The vast House food service operation that feeds the belly of the
beast -more than 2.5 million meals a year for members, staff, tourists,
lobbyists, lawyers, journalists and other highly regarded species that
inhabit the Capitol - is switching to locally grown, organic, seasonal
and generally healthy food. It will be served in compostable sugar cane and
corn starch containers instead of petroleum-based plastics. Even the
knives and forks will be biodegradable.
The Senate, the last place in America to abandon elevator operators
and smoking in the hallways, is sticking to its fried okra and Styrofoam.

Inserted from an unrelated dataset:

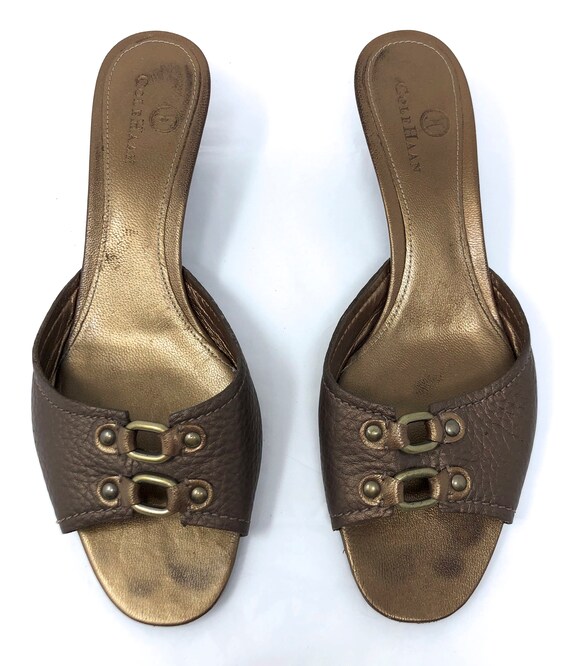 Cole Haan metallic bronze slides sandals 8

Danny Weiss, chief of staff to Martinez Democrat George Miller, has
been working in the House for roughly 20 years and eats at his desk nearly
every day. He said it's about time.
"When I first got here, you could get greasy food anywhere you
wanted," Weiss said. "You could have a grilled cheese sandwich and the Senate
bean soup, and that would last you for a couple of days."
As it happens, fellow San Franciscan and Democrat Dianne Feinstein,
as chair of the Rules Committee, oversees the Senate food service. It
remains entirely owned and operated by the Senate. That's because the upper
chamber demurred from the privatization frenzy that gripped the House
when Republicans seized control a dozen years ago, only to be replaced by
Green Team Pelosi in November 2006.
Feinstein wanted the Senate to join the new food service contract,
but the rest of the Democratic caucus vetoed the idea. "I'm for doing it,"

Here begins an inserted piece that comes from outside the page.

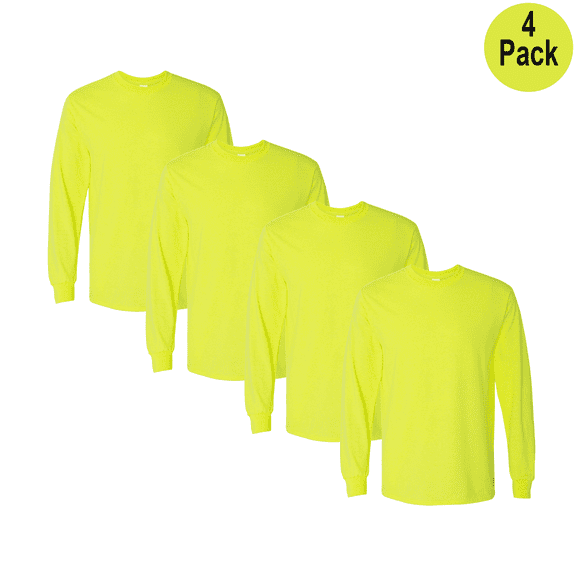 Gildan Men's Long Sleeve Hi Vis T-Shirt, Heavy Cotton Crew Neck Tee, Safety Green, Size S, 4 Pack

Feinstein said, after noting that like many trapped in the Capitol's
culinary desert, she finds herself eating a lot of food she shouldn't
"The Senate doesn't want to do it."
Feinstein's chief concern is that the Senate food service is running
a $1.2 million deficit, while the House operation, even before its
organic makeover, operates in the black. But other Democrats, sources said,
wanted nothing to do with contracting out of any kind, however healthy, even
if the Senate could keep all its current employees.

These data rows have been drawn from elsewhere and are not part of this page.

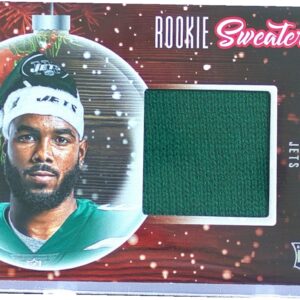 2021 Donruss Elijah Moore JSY RC #RS-EMO Jets Rookie Holiday Sweater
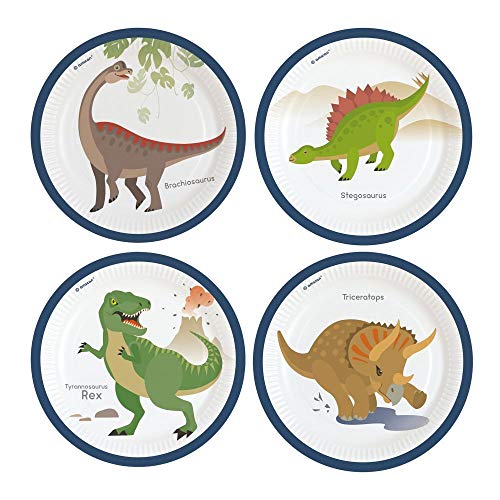 45-teiliges Party-Set Dinosaurier - Happy Dinosaur - Teller Becher ServiettenTischdecke Trinkhalme für 8 Kinder – Bild 3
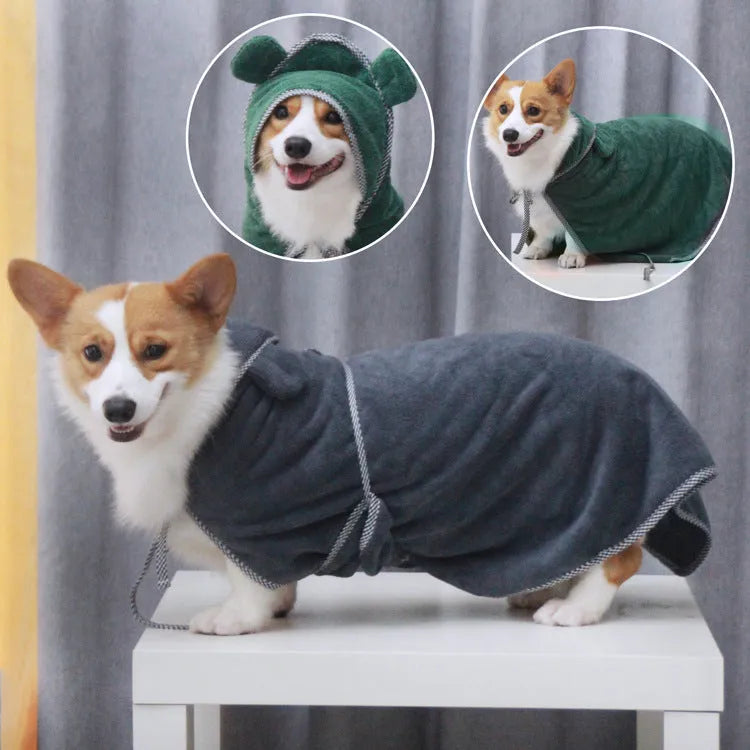 Grey and green ultra-fine fibre pet towels for dogs and cats in three different sizes.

A big part of the problem, many believe, is that the 20-year-old
Senate menus are unappetizing and therefore don't sell, although efforts are
under way to improve things. Nearly everyone marvels at the fact that
sushi has cracked the barrier and taken its place alongside traditional
fried-chicken "tenders," those nicely processed bite-sized bits of
soggy antibiotic-laden poultry long a staple of late-night filibusters.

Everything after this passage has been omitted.